A las diez de la mañana del segundo día de Navidad, de una manera sencilla pero muy conmovedora, tuvieron lugar las exequias del ermitaño. Acabado el oficio fúnebre “El Jinnaz”, el cuerpo con el rostro descubierto según la tradición mancal, fue llevado por los monjes a su última morada, mientras el tañido de las campanas se tornaba más desgarrador, y la salmodia imploraba la misericordia celestial.

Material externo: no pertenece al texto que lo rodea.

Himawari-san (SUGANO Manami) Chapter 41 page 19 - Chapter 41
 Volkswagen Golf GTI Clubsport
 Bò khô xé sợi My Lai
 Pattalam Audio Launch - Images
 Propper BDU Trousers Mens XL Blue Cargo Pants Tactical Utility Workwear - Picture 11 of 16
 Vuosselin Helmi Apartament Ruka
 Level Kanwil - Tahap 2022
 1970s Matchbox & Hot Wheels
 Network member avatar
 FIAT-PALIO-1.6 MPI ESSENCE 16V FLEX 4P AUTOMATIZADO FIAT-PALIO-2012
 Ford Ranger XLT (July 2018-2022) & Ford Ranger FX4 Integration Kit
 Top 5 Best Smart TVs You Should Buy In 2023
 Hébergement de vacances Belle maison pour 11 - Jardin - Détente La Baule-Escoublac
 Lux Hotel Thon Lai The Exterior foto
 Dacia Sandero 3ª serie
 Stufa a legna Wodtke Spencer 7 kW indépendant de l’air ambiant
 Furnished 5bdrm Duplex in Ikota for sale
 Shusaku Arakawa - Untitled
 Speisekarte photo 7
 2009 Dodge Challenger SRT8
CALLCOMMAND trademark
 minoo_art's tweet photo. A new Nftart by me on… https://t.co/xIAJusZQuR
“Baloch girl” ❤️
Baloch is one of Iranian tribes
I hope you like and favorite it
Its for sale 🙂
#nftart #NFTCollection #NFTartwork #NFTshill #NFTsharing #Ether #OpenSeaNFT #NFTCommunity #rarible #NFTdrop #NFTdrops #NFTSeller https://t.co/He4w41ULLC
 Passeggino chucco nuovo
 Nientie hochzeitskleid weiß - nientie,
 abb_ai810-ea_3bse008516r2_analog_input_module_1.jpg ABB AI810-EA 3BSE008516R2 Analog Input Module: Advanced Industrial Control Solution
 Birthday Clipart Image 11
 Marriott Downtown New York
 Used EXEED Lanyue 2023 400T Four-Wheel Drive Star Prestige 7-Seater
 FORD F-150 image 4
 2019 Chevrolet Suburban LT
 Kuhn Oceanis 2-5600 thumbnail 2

Adivinando que acaban de perder a un Santo, la multitud acudió inmediatamente, unos se arrodillaban en la nieve, otros lloraban, y todos se persignaban con piedad. Lentamente entonces el cortejo se encaminó hacia el cementerio. Allá depositaron el cuerpo del ermitaño envuelto solamente en su pobre sotana y sin ataúd. Algunos habrían querido una inhumación especial, pero la regla de la orden no admite excepciones. El padre Charbel dormiría su último reposo como sus hermanos de religión. Dos planchas colocadas sobre piedras separaban el cuerpo del piadoso solitario del fangoso suelo. Lamentablemente el agua de lluvia que goteaba del techo no tardaría en comenzar su obra destructora.

Cerraron la sepultura con una piedra  gruesa. Por última vez se incineró la tumba y se roció con agua bendita. Ahí yacerían sus restos mortales, al lado del muro de la capilla, con su cabeza a menos de dos metros  del altar donde se celebraba diariamente el Santo Sacrificio que había sido el centro de su vida. Más allá de la muerte, el padre Charbel debía experimentar una alegría renovada. La multitud se retiró lentamente rezando y repitiendo como un refrán: “Niyalu Qiddis” Feliz es, es un Santo.

 

(*) – Texto adaptado por Nabil Semaan, para describir “La última misa, y la sepultura del ermitaño”. Citando de referencia el libro:”Charbel: Un hombre embriagado de Dios”, cuyo autor es el padre Pablo Daher, páginas del 7 al 12, y del 135 al 143, publicado por el monasterio de San Charbel en Annaya Líbano, 2009.